Avec des trémolos dans la voix, Marisol Touraine, ministre de la Santé a salué les personnels de santé « héroïques », en ouvrant les derniers débats parlementaires sur la loi dite de « modernisation du système de santé ». Dans le même temps, la discussion sur le projet de loi de financement de la Sécurité sociale se termine elle aussi.
L’indécence de ce gouvernement n’a décidément aucune limite. Sa manière de remercier le service public de santé et ses professionnels qui ont fait face à une situation dramatique lors des attentats du 13 novembre... consiste à faire voter des lois qui détruisent un peu plus l’hôpital public. Les « héros » vantés par Touraine sont chaque jour plus malmenés, épuisés, et les textes défendus par le gouvernement vont encore aggraver la situation.
Quant à la droite parlementaire, si elle dénonce l’utilisation de l’état d’urgence, pour « passer en force » et interdire les manifestations… c’est uniquement quand il s’agit de sa clientèle de médecins libéraux mobilisés contre le tiers payant.

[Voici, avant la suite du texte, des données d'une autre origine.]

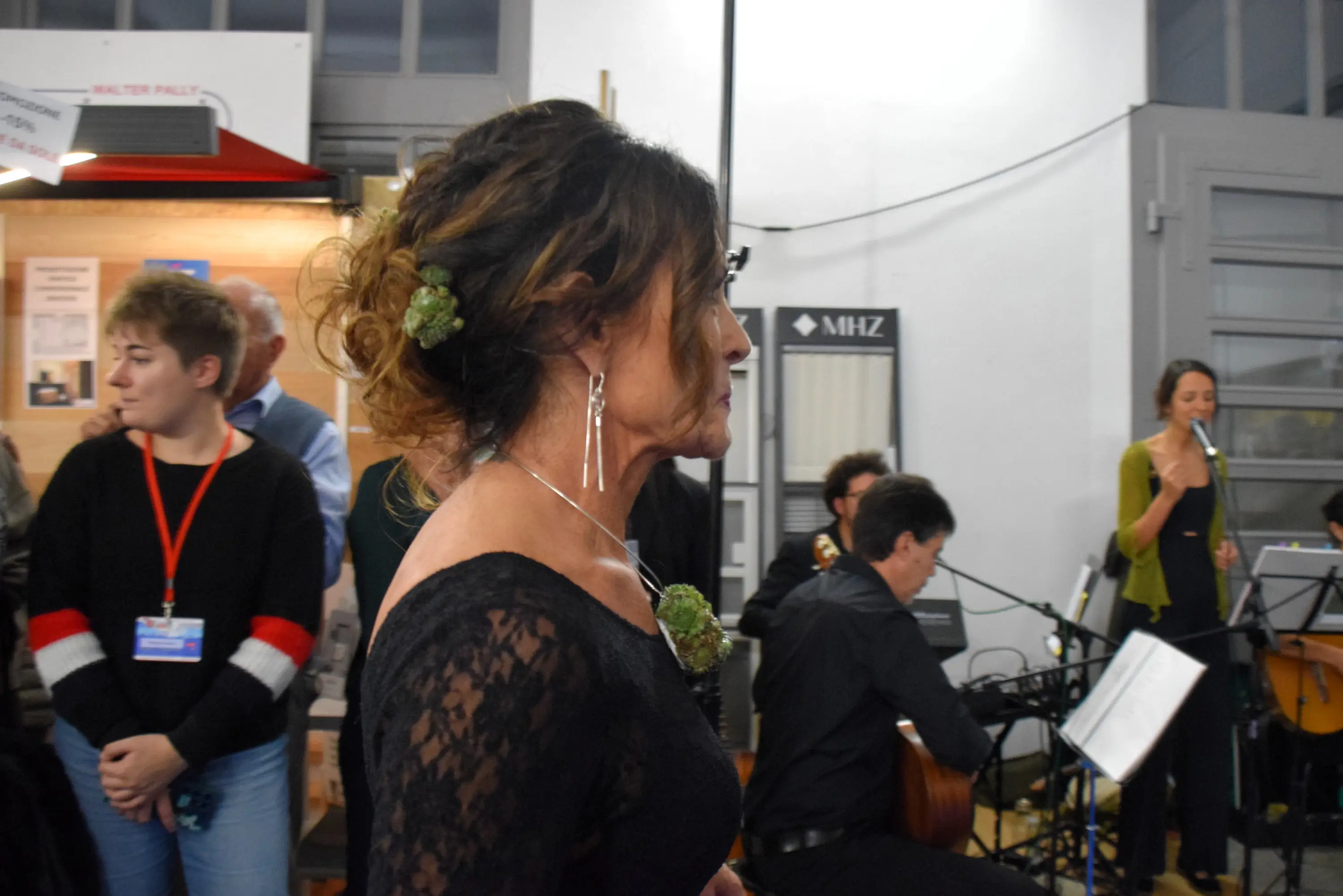 Donna con capelli raccolti e accessorio floreale, indossa un abito nero in pizzo. Sullo sfondo, musicisti suonano strumenti mentre altre persone ascoltano.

Le Sénat, passé à droite, avait en septembre revu à sa façon la loi Touraine, mais il n’en avait bien sûr pas remis en cause les aspects fondamentaux. Et pour cause : dans la foulée de la loi Bachelot, ce texte poursuit la réorganisation du système de soins, en réduisant la place de l’hôpital public et en lui substituant des dispositifs privés commerciaux, libéraux ou associatifs. Le Sénat avait supprimé l’instauration du tiers payant prévu d’ici 2017. Il soutenait ainsi la mobilisation réactionnaire des syndicats de médecins libéraux scandaleusement opposés à une mesure qui devrait permettre, même si elle est loin de tout résoudre, d’améliorer l’accès aux soins, en dispensant les malades de l’avance du prix des consultations.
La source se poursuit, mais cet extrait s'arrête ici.